After working for AMD Shanghai for 13 years, Chen founded MetaX with a mission to "contribute to China's rejuvenation and national prosperity." The founding team also included Peng Li and Yang Jian, both former AMD engineers.
"The company is a leading GPU maker in China thanks to its AMD gene," Li Hui, analyst at Huajin Securities, said in a report ahead of MetaX's listing.
"It will likely benefit from China's continuous push to replace foreign suppliers using indigenous technology."
MetaX, which controls 1% of China's AI chip market, projects the company's sales to more than double this year due to the tech self-reliance drive, and expects to break even as early as next year.
CHINESE AI CHIPMAKERS RUSH FOR IPOS
MetaX's market debut comes after Moore Threads, dubbed by analysts as "China's Nvidia", raised $1.1 billion in its Shanghai IPO in late November.
On Monday, AI chip startup Biren Technology won regulatory approval to sell shares publicly in Hong Kong, while rival Kunlunxin also plans an IPO in the city.

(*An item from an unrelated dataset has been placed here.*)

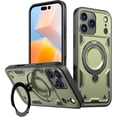 thumbnail image 1 of MYKOMI Magnetic Case for iPhone 17 Pro Max,Military Grade Protection Heavy Duty Shockproof with Rotating Ring Kickstand Case Cover for iPhone 17 Pro Max, 1 of 6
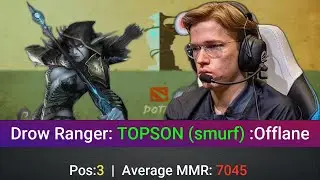 Drow Ranger Perspective by TOPSON (smurf) | @1440p | Offlane Pos:3 |  |5813478655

Another AI chipmaker, Enflame, has hired Citic Securities to prepare for a flotation.
"Chinese policymakers are greenlighting IPOs for AI chipmakers to support home-grown advanced technology," said fund manager Yuan Yuwei at Trinity Synergy Investments in Hong Kong.
"Domestic chipmakers lag U.S. rivals, but if they can raise tens or hundreds of billions to spend on talent, you cannot rule out their breakthrough."

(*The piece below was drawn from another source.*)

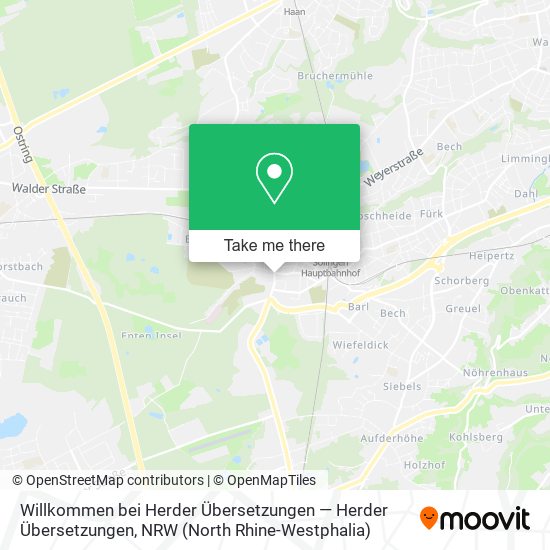 Willkommen bei Herder Übersetzungen — Herder Übersetzungen map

IPO fundraising in China jumped 23% in 2025 from a year earlier to exceed 160 billion yuan, according to KPMG, with 23% of the proceeds going to the technology, media and telecom sector.

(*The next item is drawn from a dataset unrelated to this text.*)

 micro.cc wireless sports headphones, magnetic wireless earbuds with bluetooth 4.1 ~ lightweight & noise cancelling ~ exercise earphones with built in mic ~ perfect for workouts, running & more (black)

SIGNIFICANT TECHNOLOGY GAP
MetaX flagged a number of risk factors in its IPO prospectus, including supply chain disruption from U.S. technology restrictions as well as its significant technology gap with Nvidia and AMD.
Nvidia is considering adding production capacity for its H200 AI chips due to strong orders from Chinese clients, after U.S. President Donald Trump this month greenlighted export of Nvidia's second-fastest AI chips to China.
In the home GPU market, MetaX competes with Moore Threads as well as Hygon Information Technology and Biren.
In the so-called ASIC chip business, it competes with Cambricon, Huawei Technologies' HiSilicon, Baidu's Kunlunxin and Alibaba Group's T-Head.
"MetaX's technology lags Moore Threads, and it faces stiff competition from Huawei and Alibaba," said Yuan of Trinity Synergy Investments.
There will be room to improve, "but under the current circumstances, there's definitely froth in its share price."